Fundamentally, there are two ways to do things... the hard way and the easy way. It's not to say that one is better or worse than the other. But the real question is which one, and when?
This choice of hard/easy is one that every entrepreneur must consider, time and time again. Perhaps, the typical entrepreneur is predispositioned to the more difficult path... but then again, laziness and the pain of potential hard work can inspire invention.
I'm lazy. But it's the lazy people who invented the wheel and the bicycle because they didn't like walking or carrying things.
- Lech Wales
So instead of this binary, I hope to further dissect the choices... framing it instead as the slow vs the quick, the impactful vs the superficial, the long vs short term. The reason is that one of these criteria may be more salient than the other, whereas hard and easy is an emotional distinction.
In many cases, the hard way is the better way... as it includes the "extra" work of building a foundation, of following a proper process, of developing a new skill set, of documenting and reporting to other stakeholders.

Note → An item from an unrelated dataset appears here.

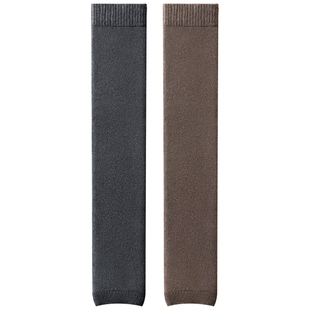 羊毛护膝袜子男款秋冬季过膝盖保暖防下滑男士护腿抗寒长筒腿套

Each of these side-effects of the hard way is valuable, but it's worth noting that it is a side-effect... and might not necessarily directly impact the result either. The hard way also implies it might require additional resources, time and know-how; things that may be in short supply. It asks what's most important at this time... again, what's the most salient criteria?
On the other hand, the easy way can be better... for it's speed, simplicity, or lightness of resources. The easy way seems to aim directly at solving the problem. Many times, upon reflection later the easy way is also the most obvious way, but again only in retrospect.
This is because we are so often conditioned to do things "properly" that simple solutions might not even occur to us. Or we might actually believe the hard way is the only way. Or that the "benefits" of the hard way listed above, are somehow inherently superior, due only to the fact that difficulty involved... or similarly, that the easy way is inherently inferior.
Yet the hard way also might the heroic willingness to fail, a commitment to a larger principle or vision, or an acceptance of potential sacrafice, pain, and danger. While this is a romantic idealization this is an emotional association, a romantic idolization of the hard way.
But again, in praise of the easy way, speed allows for additional time to recover, additional time for experimentation, additional time/resources to focus on other important issues. Simplicity is sublime. In this world of bloated excess, gaudy ornamentation, or obfuscating detailing, simplicity is a welcomed breathe of fresh air.
There is no handy rubric to use to know which strategy is best. Instead, I hope to have expanded the dichotomy of hard/easy along a multitude of other dimensions and axises. And in doing so, with that additional complexity, hope to nudge the founder towards a more considered and self-empathetic view.